▶ **REQUIRED WORK**
Beginning at the line that contains "Sam Chui và", write out every line down to the end of the records, with both ends kept and nothing added.
+ + +
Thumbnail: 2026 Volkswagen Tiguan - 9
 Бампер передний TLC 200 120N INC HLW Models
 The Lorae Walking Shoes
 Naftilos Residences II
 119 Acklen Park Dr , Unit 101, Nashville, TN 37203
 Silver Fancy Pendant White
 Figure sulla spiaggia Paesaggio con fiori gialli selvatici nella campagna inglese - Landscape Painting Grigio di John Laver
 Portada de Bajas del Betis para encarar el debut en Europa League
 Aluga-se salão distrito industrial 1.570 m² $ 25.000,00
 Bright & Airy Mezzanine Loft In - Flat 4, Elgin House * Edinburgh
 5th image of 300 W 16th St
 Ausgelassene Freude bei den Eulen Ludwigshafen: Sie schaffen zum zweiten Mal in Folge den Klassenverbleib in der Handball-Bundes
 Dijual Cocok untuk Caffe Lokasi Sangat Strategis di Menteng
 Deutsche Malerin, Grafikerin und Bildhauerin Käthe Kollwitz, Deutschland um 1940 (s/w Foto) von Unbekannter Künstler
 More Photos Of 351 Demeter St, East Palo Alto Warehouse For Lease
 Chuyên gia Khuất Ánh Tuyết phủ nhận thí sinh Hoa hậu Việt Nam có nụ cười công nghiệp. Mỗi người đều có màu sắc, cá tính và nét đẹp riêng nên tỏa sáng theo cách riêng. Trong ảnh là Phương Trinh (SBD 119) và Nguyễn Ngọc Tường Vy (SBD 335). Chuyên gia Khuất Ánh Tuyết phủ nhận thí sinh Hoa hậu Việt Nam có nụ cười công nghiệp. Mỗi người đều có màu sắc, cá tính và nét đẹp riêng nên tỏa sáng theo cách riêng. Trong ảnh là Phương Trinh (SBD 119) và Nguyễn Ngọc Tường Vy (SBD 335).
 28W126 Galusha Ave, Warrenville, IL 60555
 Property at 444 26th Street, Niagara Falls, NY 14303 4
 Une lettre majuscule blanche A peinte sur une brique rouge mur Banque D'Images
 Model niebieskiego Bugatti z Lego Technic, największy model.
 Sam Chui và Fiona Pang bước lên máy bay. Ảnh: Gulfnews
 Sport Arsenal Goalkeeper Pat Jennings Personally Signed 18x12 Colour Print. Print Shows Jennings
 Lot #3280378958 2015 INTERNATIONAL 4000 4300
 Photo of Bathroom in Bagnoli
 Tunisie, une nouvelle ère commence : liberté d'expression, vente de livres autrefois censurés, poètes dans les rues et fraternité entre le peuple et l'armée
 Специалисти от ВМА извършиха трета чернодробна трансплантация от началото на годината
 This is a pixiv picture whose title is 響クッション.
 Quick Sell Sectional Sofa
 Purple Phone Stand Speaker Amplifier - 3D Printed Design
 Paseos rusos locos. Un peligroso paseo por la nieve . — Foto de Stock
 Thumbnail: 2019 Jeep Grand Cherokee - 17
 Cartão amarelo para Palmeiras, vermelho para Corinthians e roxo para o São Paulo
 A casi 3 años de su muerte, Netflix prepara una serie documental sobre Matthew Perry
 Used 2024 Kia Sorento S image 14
+ + +
▶ **YOUR SOLUTION**
 Sam Chui và Fiona Pang bước lên máy bay. Ảnh: Gulfnews
 Sport Arsenal Goalkeeper Pat Jennings Personally Signed 18x12 Colour Print. Print Shows Jennings
 Lot #3280378958 2015 INTERNATIONAL 4000 4300
 Photo of Bathroom in Bagnoli
 Tunisie, une nouvelle ère commence : liberté d'expression, vente de livres autrefois censurés, poètes dans les rues et fraternité entre le peuple et l'armée
 Специалисти от ВМА извършиха трета чернодробна трансплантация от началото на годината
 This is a pixiv picture whose title is 響クッション.
 Quick Sell Sectional Sofa
 Purple Phone Stand Speaker Amplifier - 3D Printed Design
 Paseos rusos locos. Un peligroso paseo por la nieve . — Foto de Stock
 Thumbnail: 2019 Jeep Grand Cherokee - 17
 Cartão amarelo para Palmeiras, vermelho para Corinthians e roxo para o São Paulo
 A casi 3 años de su muerte, Netflix prepara una serie documental sobre Matthew Perry
 Used 2024 Kia Sorento S image 14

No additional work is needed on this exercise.